REPUBLIKA.CO.ID, JAKARTA -- Direktur Legal Culture Institure (LeCI), Rizki Azmi memandang pembentukan Satuan Tugas Penanganan Hak Tagih Dana Bantuan Likuiditas Bank Indonesia hanyalah formalitas belaka. Kehadiran Keppres ini pun seperti mengesankan bahwa pemerintah tak ingin dipersalahkan atas kekalahan KPK dalam isu BLBI ini dan dianggap lepas tangan.
"Hal ini dapat ditilik dari substansi Keppres yang tidak substantif dan terkesan formalitas belaka," kata Rizqi kepada Republika.co.id, Senin (12/4).
Terlebih, dalam struktur Satgas tidak terlihat kehadiran KPK yang seharusnya dilibatkan sebagai lembaga yang paham medan pertempuran BLBI. Seharusnya KPK harus didorong mencari bukti baru dan menginvestigasi secara mendalam.
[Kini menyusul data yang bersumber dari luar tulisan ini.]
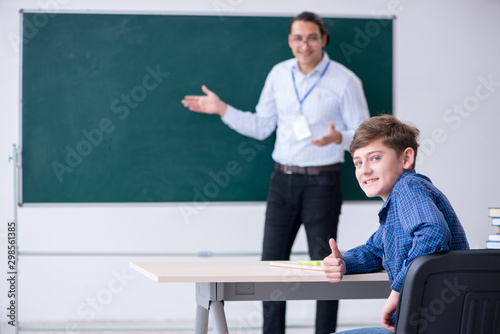 Young male teacher and boy in the classroom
Satgas Hak Tagih BLBI ini pun bertransformasi "serupa tapi tak sama" setelah substansi Putusan MA dan SP3 KPK yang memenangkan Syafrudin A Temenggung adalah persoalan keperdataan bukan pidana serta merta memutus mata rantai keterlibatan Sjamsul Nursalim (SN)dan itjih SN (ISN). Padahal, pada prinsipnya SP3 tidak menghapus investigasi KPK untuk menemukan alat bukti yang linier dan seharusnya KPK jangan bertumpu dengan Syafrudin Tumenggung untuk mencari keterikatan dengan Sjamsul dan Itjih Nursalim dalam hal kerugian negara.
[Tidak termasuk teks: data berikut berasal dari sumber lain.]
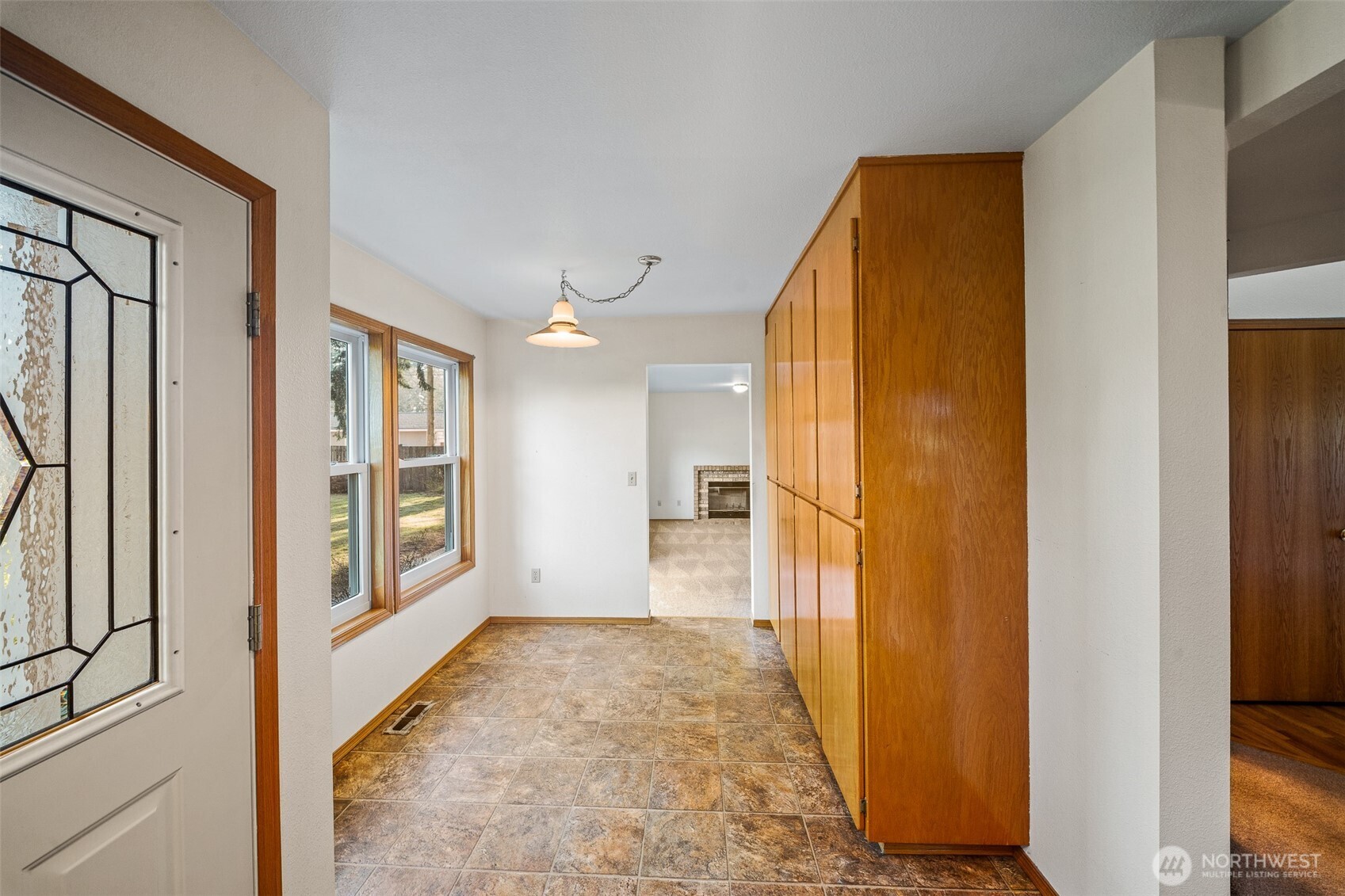 16011 Spanaway Loop Road South Spanaway, WA 98387 - Photo 10 of 35 a view of hallway with wooden floor and cabinet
Karena masih ada subjek pejabat yang bisa di eksplor yaitu mantan Menteri Koordinator (Menko) Bidang Perekonomian Dorodjatun Kuntjoro Jakti. LeCI memandang pemerintah semenjak awal mengesampingkan penyelesaian penuntutan hukum pidana kepada para pemegang saham pengendali.
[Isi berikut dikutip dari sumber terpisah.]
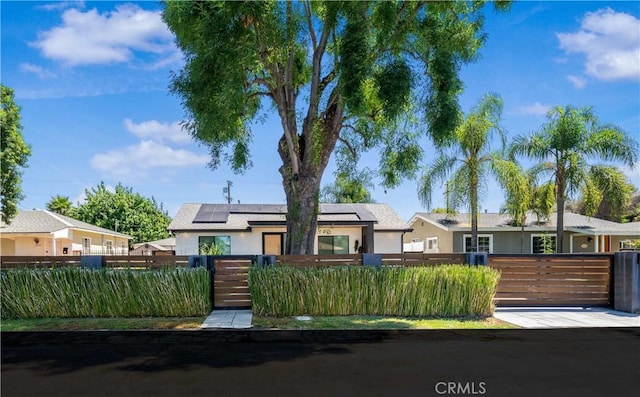 ranch-style home featuring a fenced front yard, a residential view, and stucco siding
"Padahal diketahui adanya penyalahgunaan BLBI dan adanya pelanggaran Batas Maksimum Pemberian kredit (BMPK) dan non performing loan yang dilakukan BDNI sebagai Bank Beku Operasi ( BBO) atau Bank Beku Kegiatan Usaha (BBKU)," terang dia.
"Lingkaran hitam BLBI ini seakan-akan tidak berubah bentuk selama puluhan tahun sampai saat ini," tambahnya. Pada ujungnya, sambung Rizqi, persoalan korupsi harus diberantas dengan hukuman yang maksimal baik dengan ganti rugi dan pemidanaan akibat melawan hukum dan menyengsarakan serta menghilangkan kemakmuran negara.
Dan dorongan terhadap praperadilan SP3 KPK terhadap Sjamsul Nursalim dan Itjih Nursalim menjadi sesuatu yang harus di dorong sebagai time keeper dan reminder kepada KPK bahwa BLBI adalah megakorupsi dan sejarah terbesar korupsi di Indonesia. "Oleh karenanya perlu keseriusan dan keberanian dalam mengungkap dan mengembalikan aset milik negara yang sangat di perlukan dalam masa sulit ini," tegas Rizqi.